__INFORMATION GIVEN__.

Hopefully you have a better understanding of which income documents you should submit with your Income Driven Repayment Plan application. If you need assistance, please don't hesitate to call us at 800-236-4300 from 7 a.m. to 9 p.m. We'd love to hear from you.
==
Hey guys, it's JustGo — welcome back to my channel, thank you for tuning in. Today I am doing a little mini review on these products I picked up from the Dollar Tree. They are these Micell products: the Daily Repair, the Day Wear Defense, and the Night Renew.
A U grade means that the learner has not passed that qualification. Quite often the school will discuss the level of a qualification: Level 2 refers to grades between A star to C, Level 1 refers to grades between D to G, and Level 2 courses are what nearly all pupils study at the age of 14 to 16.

__WHAT TO WORK ON__.
Please work out how many lines in this listing contain "from", then give only that number.

__EXERCISE SOLUTION__.
2